Bank, który przed terminem rozwiązał umowę najmu lokali, ponieważ umiejscowione tam placówki przynosiły mu straty, może zaliczyć wydatek do kosztów uzyskania przychodów – orzekł WSA w Warszawie.
Bank zdecydował o zamknięciu trzech swoich placówek z kilku powodów, m.in. nowej strategii zmierzającej do ograniczania działalności detalicznej i rozwoju specjalistycznej obsługi korporacyjnej. Bank stawiał przy tym na rozwój bankowości internetowej i spotkania umawiane indywidualnie z klientami.
Liczył na to, że likwidując placówki, uda mu się zredukować koszty najmu, obsługi administracyjnej, ochrony, utrzymania infrastruktury informatycznej itp. Zawarł więc z wynajmującymi porozumienia o przedterminowym zakończeniu umów najmu. To jednak wiązało się z koniecznością zapłaty dodatkowego wynagrodzenia. Było ono jednak i tak znacząco niższe niż kwota przewidywanego czynszu i innych opłat za okres najmu pozostały do końca umów.
Bank chciał zaliczyć to dodatkowe wynagrodzenie do kosztów uzyskania przychodu. Powołał się na orzecznictwo sądów (m.in. wyrok NSA z 12 kwietnia 2018 r., sygn. II FSK 871/16), z którego wynika, że jeśli podatnik postanowi o przedterminowym rozwiązaniu umowy najmu lokali z powodów ekonomicznych (dalsze utrzymywanie nieruchomości generowałoby koszty i straty), to ma prawo zaliczyć wynagrodzenie z tego tytułu do kosztów uzyskania przychodów. Wycofanie się z nierentownej placówki pozwoli mu bowiem na uzyskiwanie przychodów w pozostałych oddziałach czy placówkach.
Bank podkreślił, że decyzje o zamknięciu nierentownych placówek podjął po analizie ekonomicznej i wskutek zmieniających się uwarunkowań rynkowych (m.in. informatyzacji obsługi klientów).
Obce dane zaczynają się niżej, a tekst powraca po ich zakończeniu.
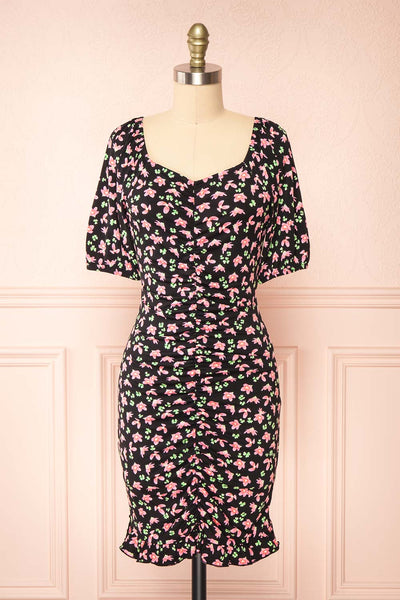 Darva Black Floral Ruched Short Dress | Boutique 1861 front view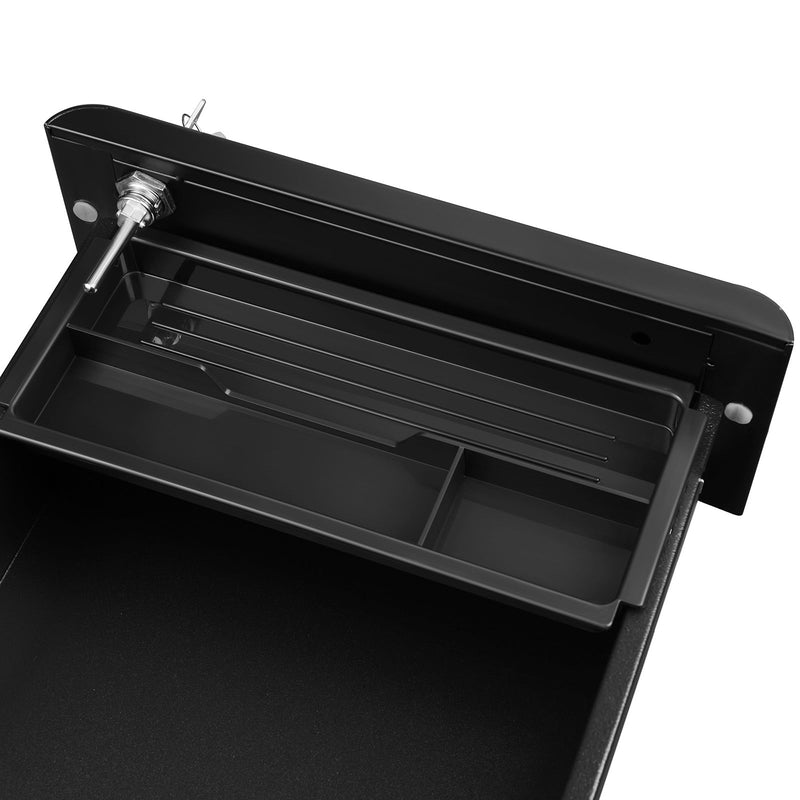 Top view of the black cabinet open top drawer with its divider tray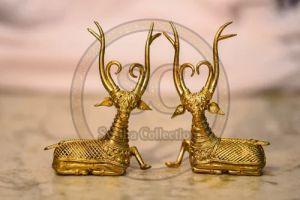 Brass Sitting Deer Dhokra Art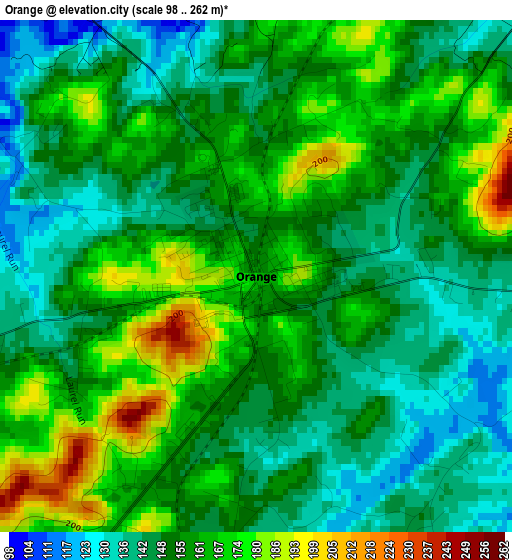 Orange elevation map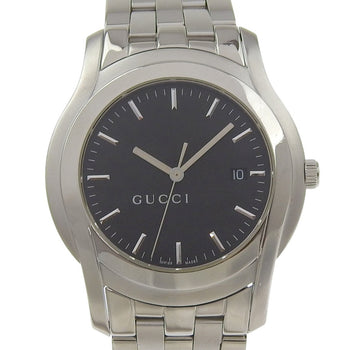 Gucci G-Class Watch 5500Xl Stainless Steel Quartz Analog Display Black Dial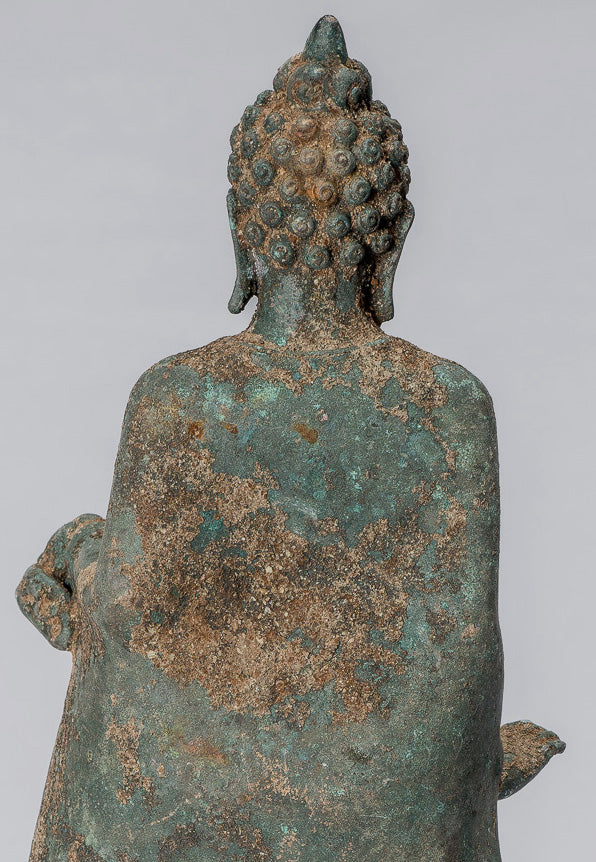 Statue de Bouddha – Bouddha d'enseignement javanais en bronze de style indonésien antique – 30 cm/12"
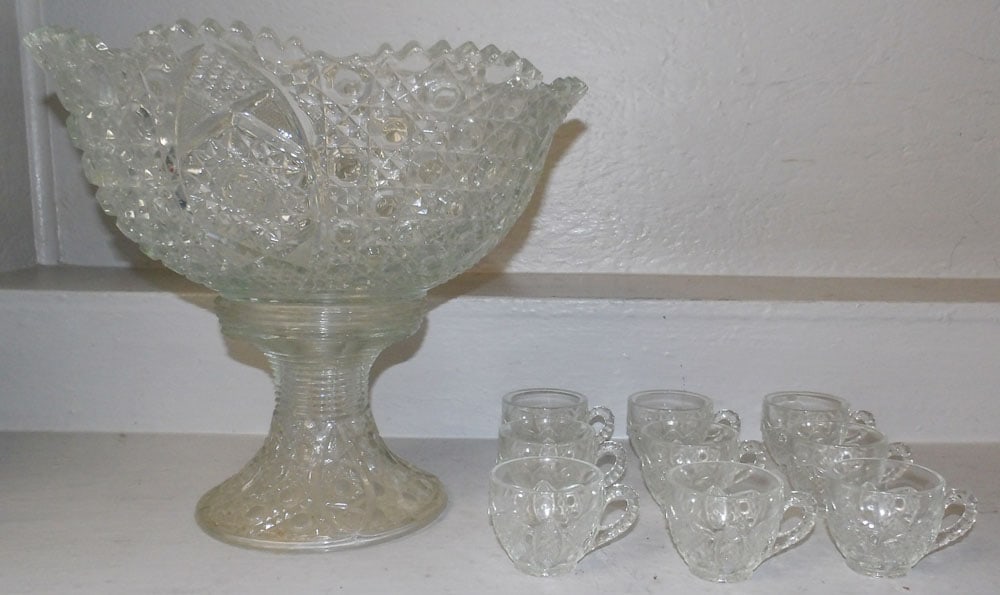 Press Glass Punch Bowl Set (1 of 4)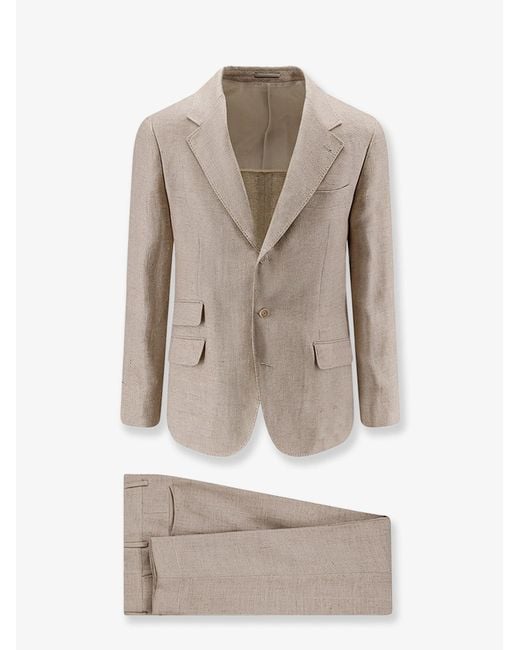 Brunello Cucinelli Natural Silk, Linen And Wool Suit for men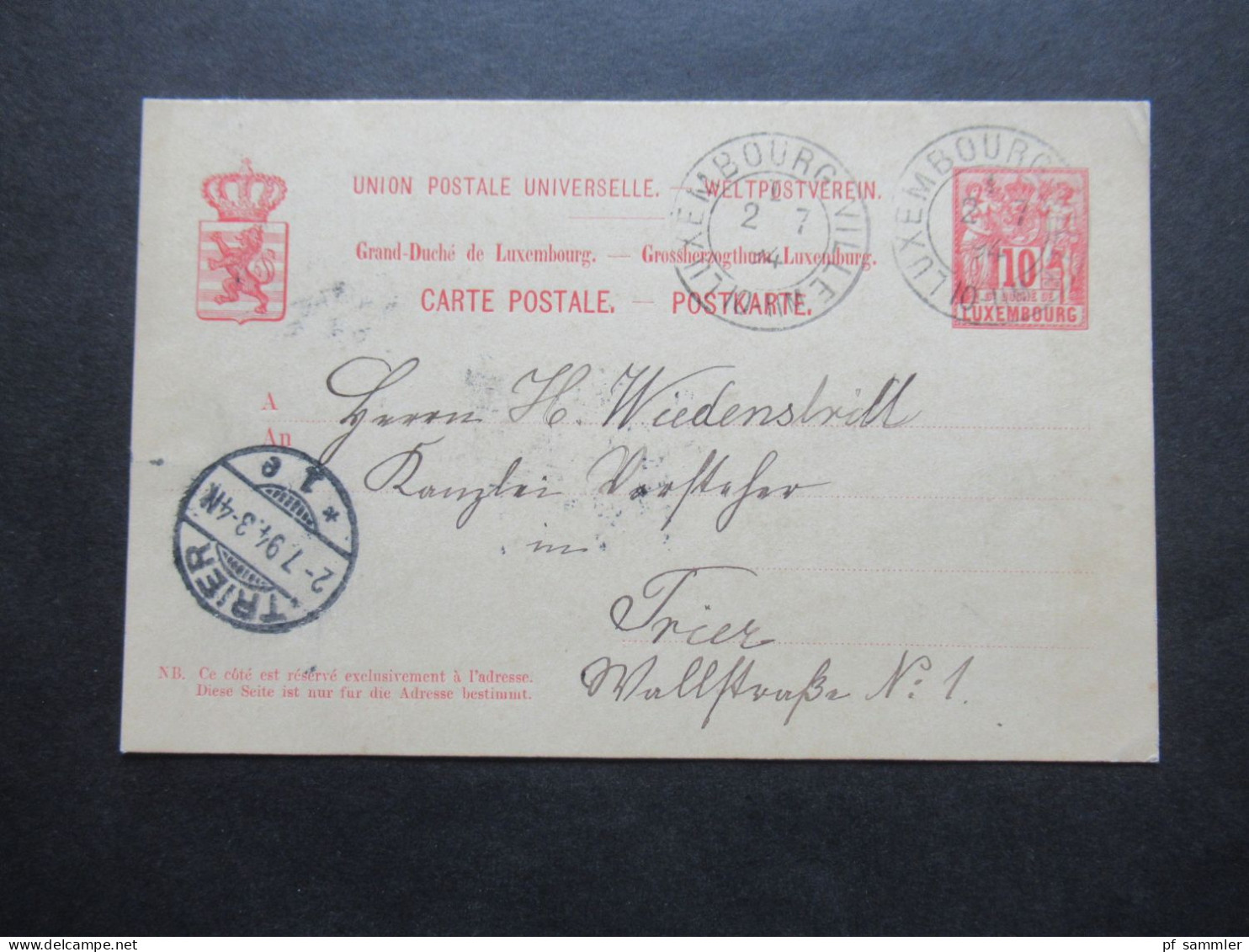 Luxemburg 1894 Ganzsache 10 Cent Stempel Luxembourg Ville Und Ank. Stempel Trier - Ganzsachen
Dyrektor Krajowej Informacji Skarbowej uznał jednak, że wynagrodzenie za przedterminowe rozwiązanie umowy nie może być podatkowym kosztem, bo art. 15 ust. 1 ustawy o CIT nie obejmuje działań „negatywnych”, zmierzających do ograniczania strat, lecz wyłącznie działania o charakterze pozytywnym, służące uzyskaniu przychodu, ewentualnie zachowaniu lub zabezpieczeniu jego źródeł.
Podkreślił też, że bank podjął ryzyko związane z podejmowanymi przedsięwzięciami gospodarczymi i nie może go przenosić na Skarb Państwa. Nie wszystkie bowiem wydatki związane z działalnością gospodarczą podatnika, nawet gdy są racjonalnie i ekonomicznie uzasadnione, stanowią koszt podatkowy – stwierdził organ (interpretacja z 30 sierpnia 2019 r., sygn. 0114-KDIP2-1.4010.312.2019.1.SP).
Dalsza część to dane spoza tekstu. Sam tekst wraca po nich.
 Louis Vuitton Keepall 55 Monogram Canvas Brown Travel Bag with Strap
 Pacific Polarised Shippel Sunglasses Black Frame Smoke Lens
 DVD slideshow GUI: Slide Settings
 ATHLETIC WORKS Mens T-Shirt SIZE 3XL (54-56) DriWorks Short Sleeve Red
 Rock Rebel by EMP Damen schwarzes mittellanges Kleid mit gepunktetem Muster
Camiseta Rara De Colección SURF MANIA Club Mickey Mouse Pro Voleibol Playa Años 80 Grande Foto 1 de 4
Innego zdania był Wojewódzki Sąd Administracyjny w Warszawie. Uzasadniając wyrok, sędzia Jarosław Trelka podkreślił, że działania banku były racjonalne, ich celem było ograniczenie kosztów i zwiększenie przychodów, a co za tym idzie również podatku do zapłaty. Spełniony więc został jeden z celów art. 15 ust. 1 ustawy o CIT, którym jest zachowanie lub zabezpieczenie źródła przychodów.
Sąd nie zgodził się też z fiskusem, że Skarb Państwa nie może ponosić negatywnych konsekwencji nietrafnych decyzji podatników. – Jest wręcz przeciwnie, Skarb Państwa jest skazany na takie ryzyko, bo nie każde działanie przedsiębiorcy przynosi efekt w postaci przychodów – powiedział sędzia Trelka.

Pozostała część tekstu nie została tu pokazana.